بِسْمِ اللّٰهِ الرَّحْمٰنِ الرَّح۪يمِ
ٱلْقَارِعَةُ ﴿١﴾
Gürültü koparacak olan,
مَا ٱلْقَارِعَةُ ﴿٢﴾
Nedir o gürültü koparacak olan,
وَمَآ أَدْرَىٰكَ مَا ٱلْقَارِعَةُ ﴿٣﴾
O gürültü koparacak olanın ne olduğunu sen nereden bileceksin?
يَوْمَ يَكُونُ ٱلنَّاسُ كَٱلْفَرَاشِ ٱلْمَبْثُوثِ ﴿٤﴾
O gün insanlar yayılmış pervane gibi olurlar.

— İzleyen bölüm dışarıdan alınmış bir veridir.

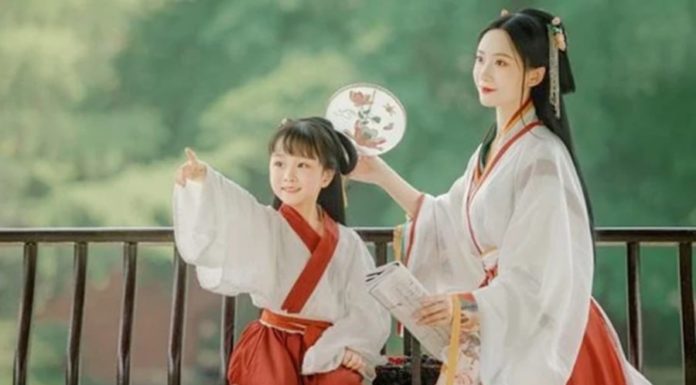 5 Things to Avoid When Raising a Daughter, Moms Should Know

وَتَكُونُ ٱلْجِبَالُ كَٱلْعِهْنِ ٱلْمَنفُوشِ ﴿٥﴾
Dağlar atılmış renkli yün gibi olurlar.
فَأَمَّا مَن ثَقُلَتْ مَوَٰزِينُهُۥ ﴿٦﴾
Kimin tartıları ağır gelirse,
فَهُوَ فِى عِيشَةٍ رَّاضِيَةٍ ﴿٧﴾
O hoş bir hayat içinde olur,
وَأَمَّا مَنْ خَفَّتْ مَوَٰزِينُهُۥ ﴿٨﴾
Kimin tartıları hafif gelirse,
فَأُمُّهُۥ هَاوِيَةٌ ﴿٩﴾
Onların yeri, (haviye) çukurdur,
وَمَآ أَدْرَىٰكَ مَا هِيَهْ ﴿١٠﴾
Onun ne olduğunu sen nereden bileceksin?
نَارٌ حَامِيَةٌۢ ﴿١١﴾
O kızgın bir ateştir.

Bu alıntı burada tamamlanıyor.